Sometimes Ashima and Alan's wife, Judy, stand side by side in the yard, clipping clothes to the line. Judy always wears blue jeans, torn up into shorts once summer comes, and a necklace of small seashells around her throat. A red cotton scarf over her stringy yellow hair, the same texture and shade as her daughters', is always tied at the back of her neck. She works for a women's health collective in Somerville a few days a week. When she learned of Ashima's pregnancy she approved of Ashima's decision to breast-feed but had been disappointed to learn that Ashima was going to put herself in the hands of the medical establishment for her child's delivery; Judy's daughters were born at home, with the help of midwives at the collective. Some nights Judy and Alan go out, leaving Amber and Clover unsupervised at home. Only once, when Clover had a cold, did they ask Ashima if she could check in on them. Ashima remembers their apartment with abiding horror—just beyond the
ceiling yet so different from her own, piles everywhere, piles of books and papers, piles of dirty plates on the kitchen counter, ashtrays the size of serving platters heaped with crushed-out cigarettes. The girls slept together on a bed piled with clothes. Sitting momentarily on the edge of Alan and Judy's mattress, she had cried out, falling clumsily backward, startled to discover that it was filled with water.
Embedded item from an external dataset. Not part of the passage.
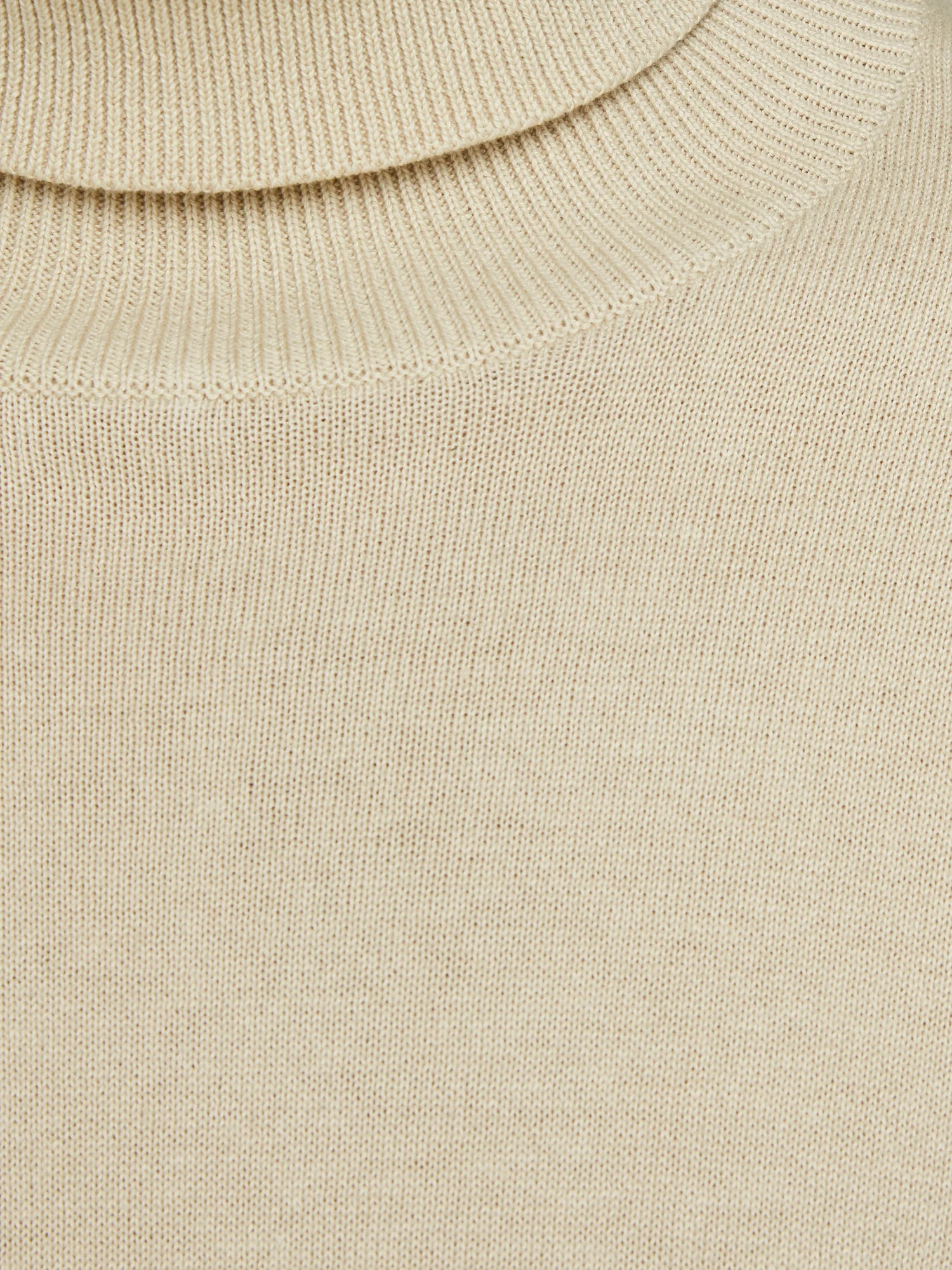Jack&jones Maglia A Collo Alto Uomo | 12157417 - Image 4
Instead of cereal and tea bags, there were whiskey and wine bottles on top of the refrigerator, most of them nearly empty. Just standing there had made Ashima feel drunk.

They arrive home from the hospital courtesy of Dr. Gupta, who owns a car, and sit in the sweltering living room, in front of their only box fan, suddenly a family. Instead of a couch they have six chairs, all of them three-legged, with oval wooden backs and black triangular cushions. To her surprise, finding herself once again in the gloomy three-room apartment, Ashima misses the hustle-bustle of the hospital, and Patty, and the Jell-O and ice cream brought at regular intervals to her side. As she walks slowly through the rooms it irks her that there are dirty dishes stacked in the kitchen, that the bed has not been made. Until now Ashima has accepted that there is no one to sweep the floor, or do the dishes, or wash clothes, or shop for groceries, or prepare a meal on the days she is tired or homesick or cross. She has accepted that the very lack of such amenities is the American way. But now, with a baby crying in her arms, her breasts swollen with milk, her body coated with sweat, her groin still so sore she can scarcely sit, it is all suddenly unbearable.
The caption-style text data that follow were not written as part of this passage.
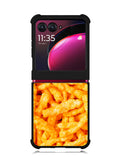 Hot Cheetos Motorola Moto Razr Plus 2023 , Moto Razr+ 2023 Case OV9456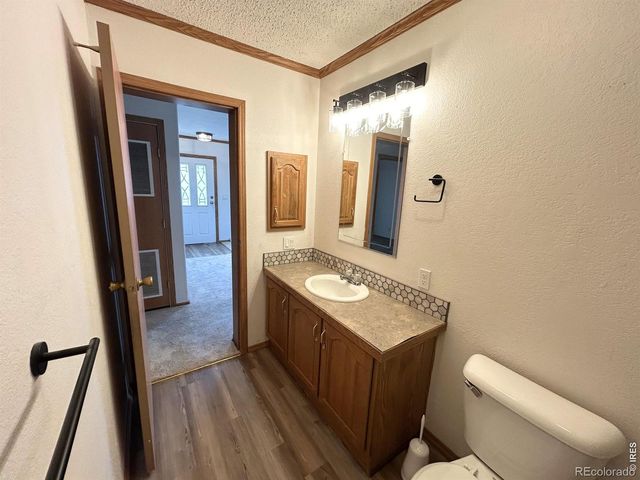 220 S Spruce Street, Fort Morgan, CO 80701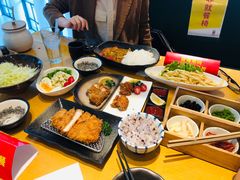 -胜博殿日式炸猪排(西红门店)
"I can't do this," she tells Ashoke when he brings her a cup of tea, the only thing he can think to do for her, the last thing she feels like drinking.
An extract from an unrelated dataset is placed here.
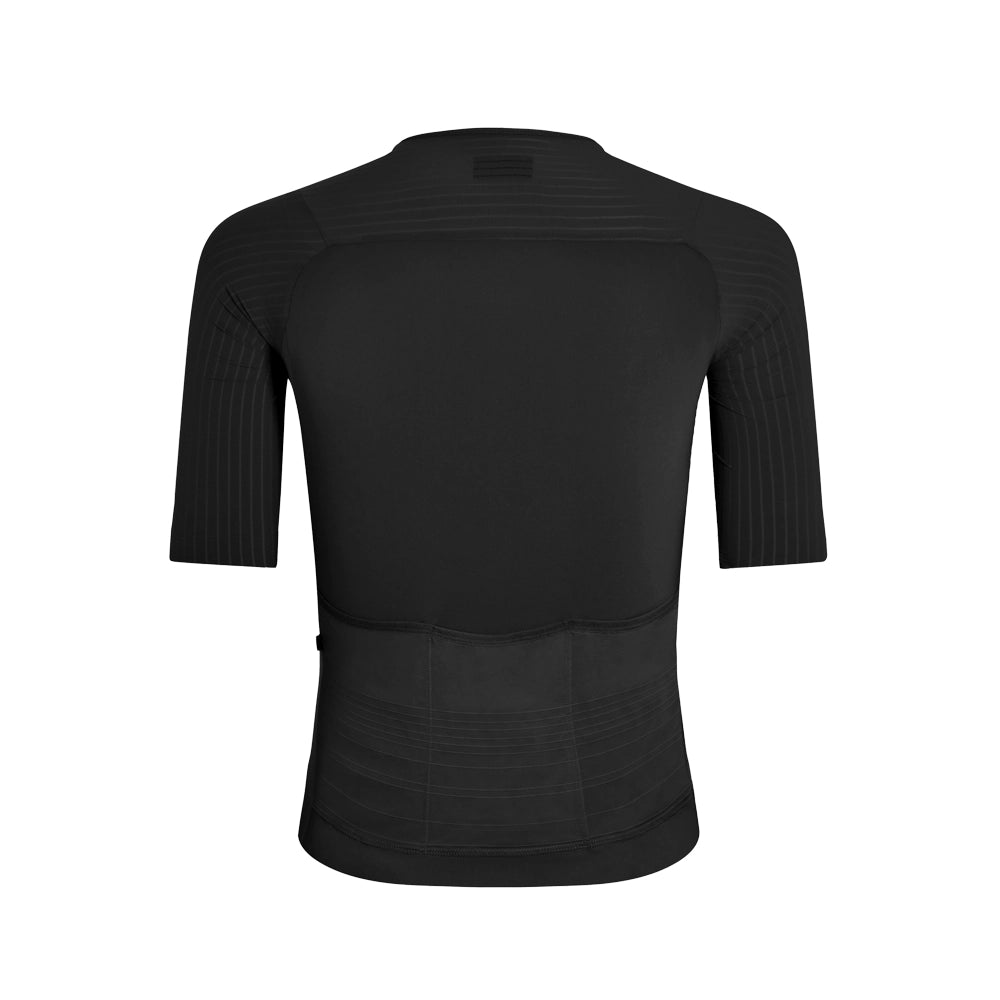 PAS NORMAL STUDIOS Mechanism Pro Jersey - Black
"In a few days you'll get the hang of it," he says, hoping to encourage her, unsure of what else to do. He sets the cup beside her on the flaking windowsill. "I think he's falling asleep again," he adds, looking at Gogol, whose cheeks are working methodically at his wife's breast.

"I won't," she insists thickly, looking neither at the baby nor at him. She pulls back a bit of the curtain, then lets it fall. "Not here. Not like this."

"What are you saying, Ashima?"

"I'm saying hurry up and finish your degree." And then, impulsively, admitting it for the first time: "I'm saying I don't want to raise Gogol alone in this country. It's not right. I want to go back."

He looks at Ashima, her face leaner, the features sharper than they had been at their wedding, aware that her life in Cambridge, as his wife, has already taken a toll. On more than one occasion he has come home from the university to find her morose, in bed, rereading her parents' letters. Early mornings, when he senses that she is quietly crying, he puts an arm around her but can think of nothing to say, feeling that it is his fault, for marrying her, for bringing her here. He remembers suddenly about Ghosh, his companion on the train, who had returned from England for his wife's sake. "It is my greatest regret, coming back," Ghosh had confessed to Ashoke, mere hours before he was killed.